• Prompt: Please find the line that holds "Logo Nierer Kfz-Handel KG" below and reproduce it, along with every line after it through the end, exactly and without pictures.

• Extracted records:
........

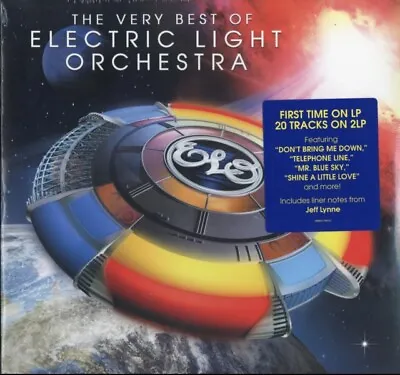 Electric Light Orchestra - All Over The World: Very Best Of Electric Light • $35.53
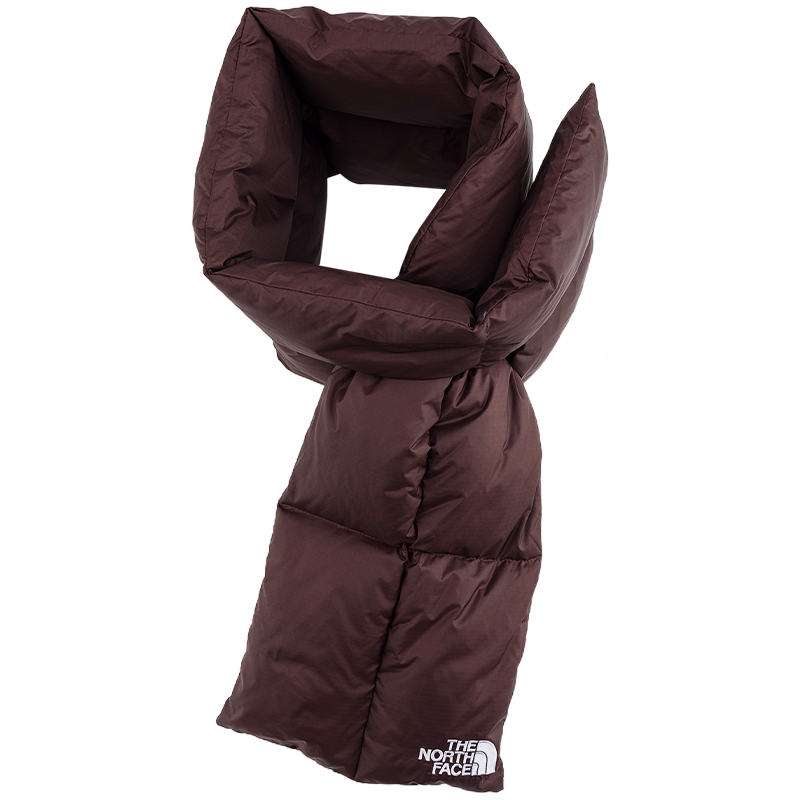 羽绒围巾男女通用舒适鹅绒保暖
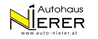 Logo Nierer Kfz-Handel KG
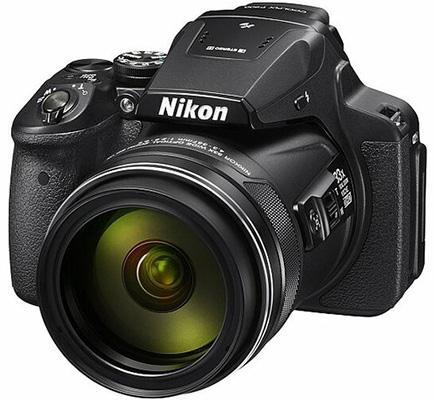 Nikon Coolpix P900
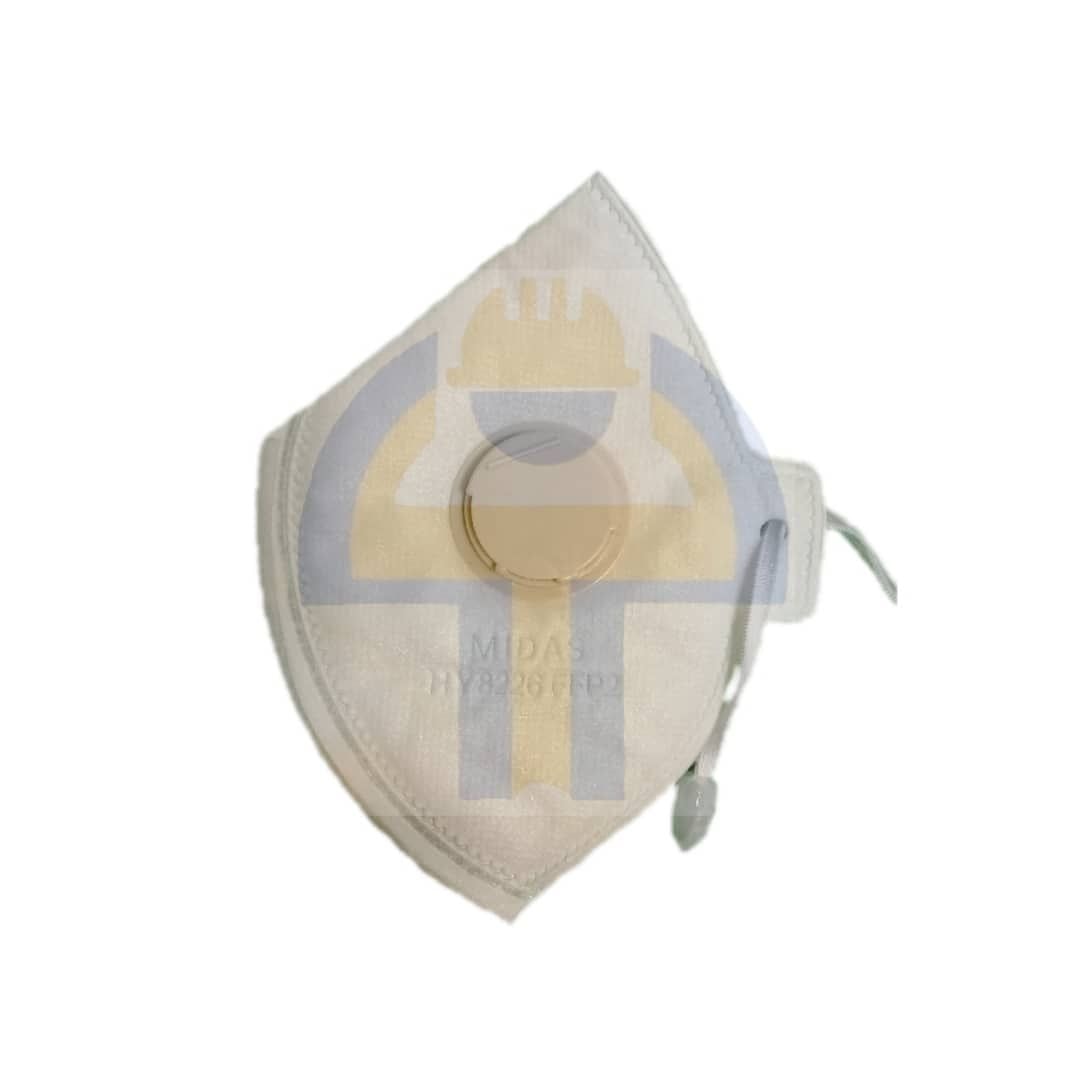 ماسک صنعتی میداس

........

• Reply to the task:
 Logo Nierer Kfz-Handel KG
 Nikon Coolpix P900
 ماسک صنعتی میداس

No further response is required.